Top Gear UK to roll out new EIC

You don't need a crystal ball to know what's in store for Top Gear
Nov 3, 2009
Photo of Conor McNicholas - Top Gear UKThe British edition of Top Gear magazine is formally introducing its new editor in chief to its readers in the upcoming issue of the popular automotive publication. Conor McNicholas, formerly the editor of another British magazine, the New Musical Express, is officially taking over the post vacated by Michael Harvey, who left Top Gear in April to pursue other interests. McNicholas's arrival finally restores order in the car magazine's staff box, which has seen creative director Charlie Turner assuming the role of acting editor the past few months.

That McNicholas came from a music publication underscores BBC Magazines' intent to inject more entertainment into the print version of Top Gear. The new EIC, in fact, was named Entertainment Magazine Editor of the Year by the British Society of Magazine Editors in 2005.

In his October 30 e-mail to the Top Gear Philippines staff, McNicholas said: "I've been a Top Gear magazine reader for many years and I'm delighted to be here at the helm. I've always been passionate about cars, and running Top Gear is a dream job."

As expected of any new editor, McNicholas is to implement immediate changes to the magazine. "For various reasons, there's been little change in Top Gear in recent years," he pointed out. "The time is right to do something about that. I've made some changes to the magazine immediately.

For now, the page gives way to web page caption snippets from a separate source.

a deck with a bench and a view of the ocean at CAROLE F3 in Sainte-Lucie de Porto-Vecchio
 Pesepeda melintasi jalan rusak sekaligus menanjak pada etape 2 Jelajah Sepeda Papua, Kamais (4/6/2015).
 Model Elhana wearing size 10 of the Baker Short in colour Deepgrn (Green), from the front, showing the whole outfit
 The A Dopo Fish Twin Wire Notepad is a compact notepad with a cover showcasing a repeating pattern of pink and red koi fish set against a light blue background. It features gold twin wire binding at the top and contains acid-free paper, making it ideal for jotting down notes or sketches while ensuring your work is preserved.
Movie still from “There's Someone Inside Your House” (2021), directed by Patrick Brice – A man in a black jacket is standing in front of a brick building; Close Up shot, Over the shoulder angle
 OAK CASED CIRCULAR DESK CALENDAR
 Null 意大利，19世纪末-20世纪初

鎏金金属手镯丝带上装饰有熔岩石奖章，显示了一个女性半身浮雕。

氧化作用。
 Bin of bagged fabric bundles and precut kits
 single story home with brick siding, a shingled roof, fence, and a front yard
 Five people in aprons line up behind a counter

These changes are part of a plan to turn Top Gear into the biggest men's magazine in the UK. I'm seeking to make the magazine more accessible and fun, while retaining all of our authority and unique tone of voice."

In particular, changes will soon be seen in the magazine's layout. "I am about to start work with creative director Charlie Turner on a full magazine redesign to be published in the first quarter of next year."

Other changes include more distinction for the columns of Jeremy Clarkson, Richard Hammond and James May; the evolution of the Faces section into something more fun and relevant; the removal of the columns of Matt Masters and Jamie Kitman; and the addition of exciting new features like "Extreme Drives" and "Roads To Drive Before You Die."

McNicholas concluded his e-mail on a very encouraging note. "The completed redesign work will be done very much with the international editions in mind," he promised.